At our school we want pupils to be MASTERS of technology and not slaves to it. Technology is everywhere and will play a pivotal part in our learner's lives. Therefore, we want to model and educate our pupils on how to use technology positively, responsibly and safely.
We want our pupils to be creators not consumers and our broad curriculum encompassing computer science, information technology and digital literacy reflects this. We want our pupils to understand that there is always a choice with using technology and as a school we utilise technology (especially social media) to model positive use.
We recognise that the best prevention for a lot of issues we currently see with technology/social media is through education. Building our knowledge in this subject will allow pupils to effectively demonstrate their learning through creative use of technology
We recognise that technology can allow pupils to share their learning in creative ways. We also understand the accessibility opportunities technology can provide for our pupils.

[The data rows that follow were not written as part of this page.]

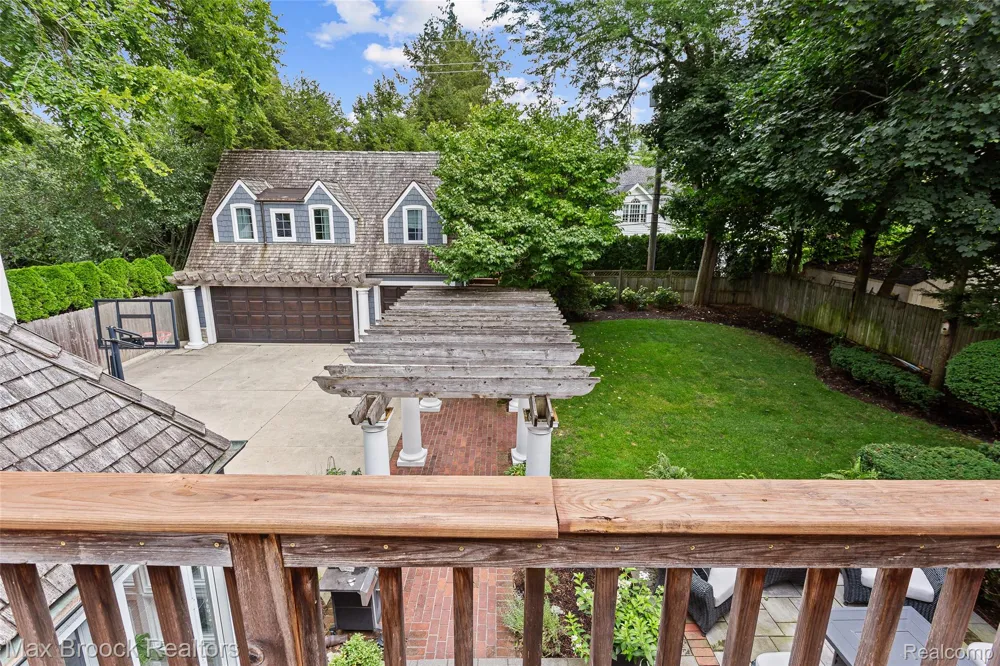 416 Puritan Avenue Birmingham City, MI 48009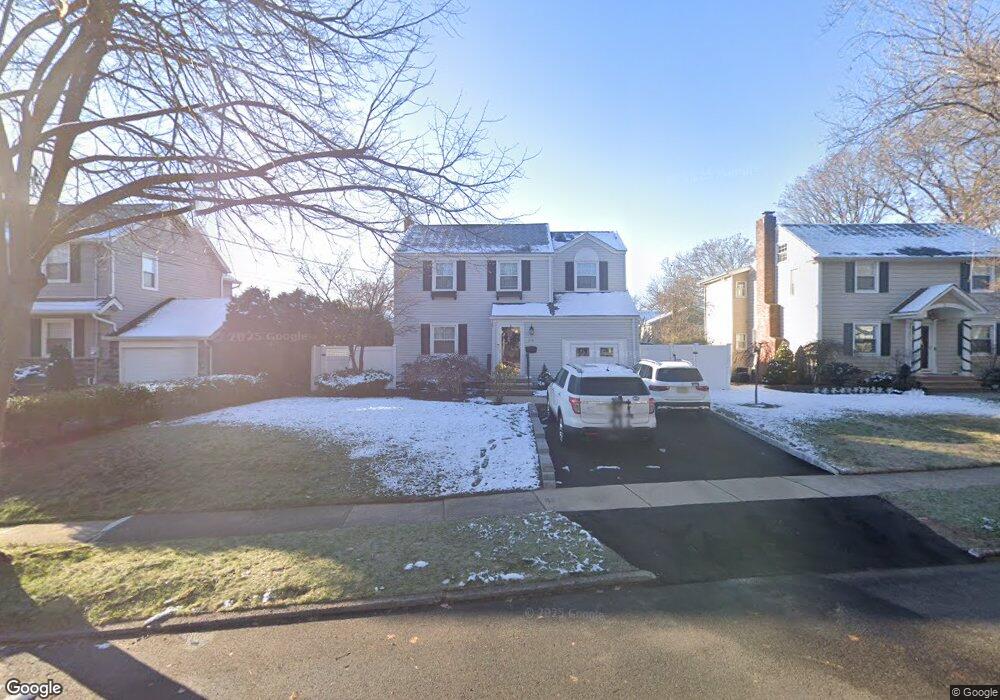 249 Kensington Rd, River Edge, NJ 07661 - photo 1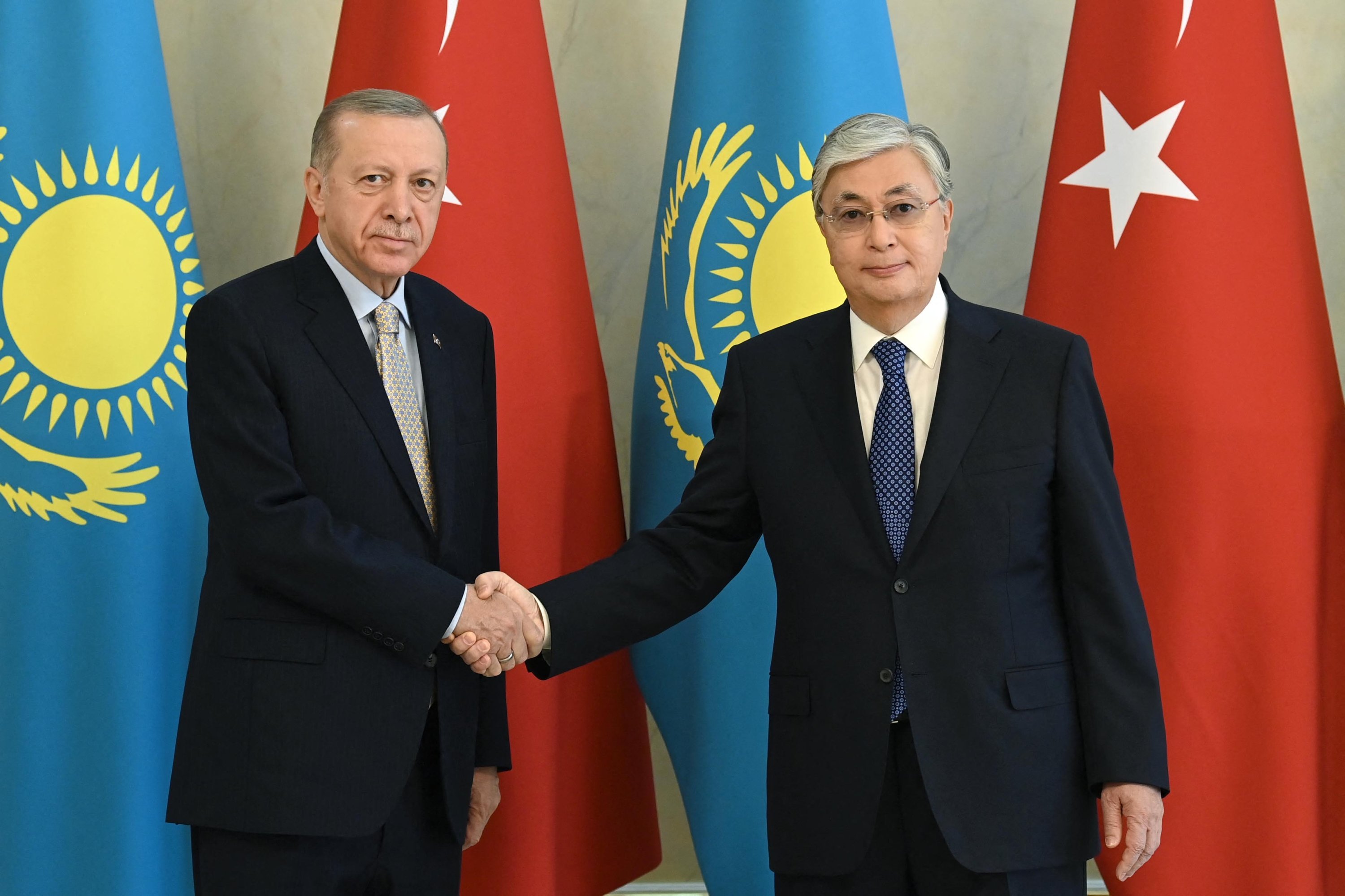 Ərdoğan Tokayevi təbrik etdi 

Our knowledge rich curriculum has to be balanced with the opportunity for pupils to apply their knowledge creatively which will in turn help our pupils become skilful computer scientists.
We encourage staff to try and embed computing across the whole curriculum to make learning creative and accessible. We want our pupils to be fluent with a range of tools to best express their understanding and hope by Upper Key Stage 2, children have the independence and confidence to choose the best tool to fulfil the task and challenge set by teachers.
At LMS we recognise that along with teaching the content of the curriculum, we are tasked with enabling our students to function as well-informed individuals after they leave our school. We understand that exposure to culture and situations which students might not have previous experience of, is key to improving individual student's cultural capital.
Computing and technology, perhaps more so than any other subjects, demonstrate the value of creating cultural capital. The rising number of technology companies and their growing influence on the world both socially and economically has led to the creation of many technology billionaires.
"The rise of Google, the rise of Facebook, the rise of Apple, I think are proof that there is a place for computer science as something that solves problems that people face every day." Eric Schmidt – CEO Google
However, not all groups in society are able to access technology and as a result the digital divide is prevalent and widening. There is a worldwide digital skills shortage, so it is vital that our students are equipped with the vocabulary and skills to access and thrive in this new world.
One of the key principles of Computing at Leyland Methodist Schools is encouraging and promoting diversity for our learners while staying safe online. From using our curriculum needs analysis, we are able to understand the needs of children in the Leyland area and therefore bring experiences and knowledge to them which normally may not be available. For example, during our STEM week, we invited women from traditionally male dominated industries to meet the children helping us to challenge the stereotypes. STEM provides an experience rich curriculum for the children of less affluent backgrounds so they too can develop real skills for life. We want all learners to be ambitious and hope the curriculum challenges these learners to ensure they work to their full potential.
Equality of Opportunity
Technology is all around us and we truly believe every child should benefit from this. With this in mind, creating a balanced and exciting Computing Curriculum for our Pupil Premium children is vital. Further to this, the use of technology to remove barriers to learning throughout the curriculum underpins the importance of children becoming confident digital citizens. At LMS, we provide opportunities to speak with successful business men/women from local companies around the Leyland area and from STEM ambassadors, hopefully raising aspirations and providing hope that they can achieve great things. These opportunities are funded through the Pupil Premium strategy for those who need it. Similarly, we have ensured that year groups with particularly high levels of vulnerable children have benefited from workshops and educational experiences.